Updated: Feb 18, 2022

What do you want to know? Why will so many of us not discuss money? You want more...

In fact, you can't live without it. But that doesn't mean you have to be ruled by it.

In fact, our biblical and theological exploration reveals that God created the foundations of finance and commands us to use finance for social good, specifically for stewardship, justice, and love. Stewardship, justice, and love can have many different meanings, so it is important to establish what we mean by them. That means people should not teach it to mean for gain for themselves.
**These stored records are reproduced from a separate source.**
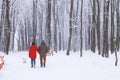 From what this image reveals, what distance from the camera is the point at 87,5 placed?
6159 cm

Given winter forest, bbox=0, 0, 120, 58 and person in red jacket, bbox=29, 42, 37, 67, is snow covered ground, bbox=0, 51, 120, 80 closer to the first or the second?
person in red jacket, bbox=29, 42, 37, 67

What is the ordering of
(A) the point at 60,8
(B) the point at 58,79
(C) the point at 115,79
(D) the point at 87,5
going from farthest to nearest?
(A) the point at 60,8, (D) the point at 87,5, (C) the point at 115,79, (B) the point at 58,79

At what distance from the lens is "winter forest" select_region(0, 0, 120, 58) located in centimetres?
3569

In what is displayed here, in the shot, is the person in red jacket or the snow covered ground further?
the person in red jacket

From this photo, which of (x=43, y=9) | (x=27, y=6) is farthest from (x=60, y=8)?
(x=27, y=6)

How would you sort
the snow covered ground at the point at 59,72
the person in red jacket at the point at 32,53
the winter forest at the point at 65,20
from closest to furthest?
the snow covered ground at the point at 59,72
the person in red jacket at the point at 32,53
the winter forest at the point at 65,20

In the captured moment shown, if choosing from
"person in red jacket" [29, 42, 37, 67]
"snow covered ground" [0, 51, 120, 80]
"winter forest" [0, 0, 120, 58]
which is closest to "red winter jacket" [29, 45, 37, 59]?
"person in red jacket" [29, 42, 37, 67]

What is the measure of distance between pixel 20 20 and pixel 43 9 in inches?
390

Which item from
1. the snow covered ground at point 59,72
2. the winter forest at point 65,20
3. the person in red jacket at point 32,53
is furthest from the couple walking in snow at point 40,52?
the winter forest at point 65,20

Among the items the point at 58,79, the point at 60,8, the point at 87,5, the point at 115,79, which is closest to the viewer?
the point at 58,79

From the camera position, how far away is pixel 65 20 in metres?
66.2

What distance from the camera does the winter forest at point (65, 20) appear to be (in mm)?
35688

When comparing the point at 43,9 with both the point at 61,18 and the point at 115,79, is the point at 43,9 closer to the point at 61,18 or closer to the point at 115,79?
the point at 61,18

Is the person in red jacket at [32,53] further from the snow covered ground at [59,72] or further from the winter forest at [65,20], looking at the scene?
the winter forest at [65,20] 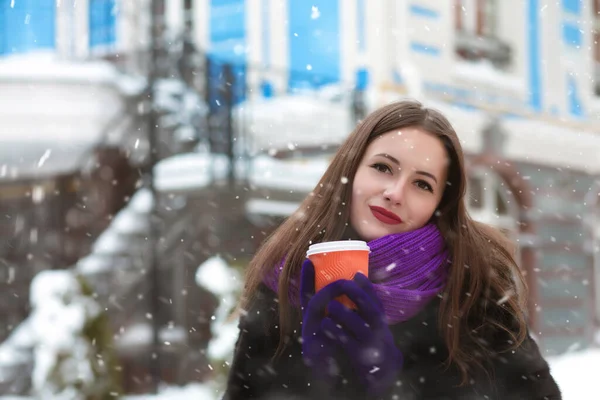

Wealth gained hastily will dwindle, but whoever gathers little by little will increase it. He who loves money will not be satisfied with money, nor he who loves wealth with his income; this also is vanity. The blessing of the Lord makes rich, and he adds no sorrow with it. Give, and it will be given to you.

Money can be a stressful part of life, the anxiety of providing for your family by having enough to pay the bills. It is important that we remember to first seek the Kingdom of God and His righteousness, and all will be added that is needed. Additionally, it is wise to not have a greedy obsession with money, putting your love of money before your love for God. Hebrews 13:5 tells us, "Keep your life free from love of money, and be content with what you have, for he has said, “I will never leave you nor forsake you.”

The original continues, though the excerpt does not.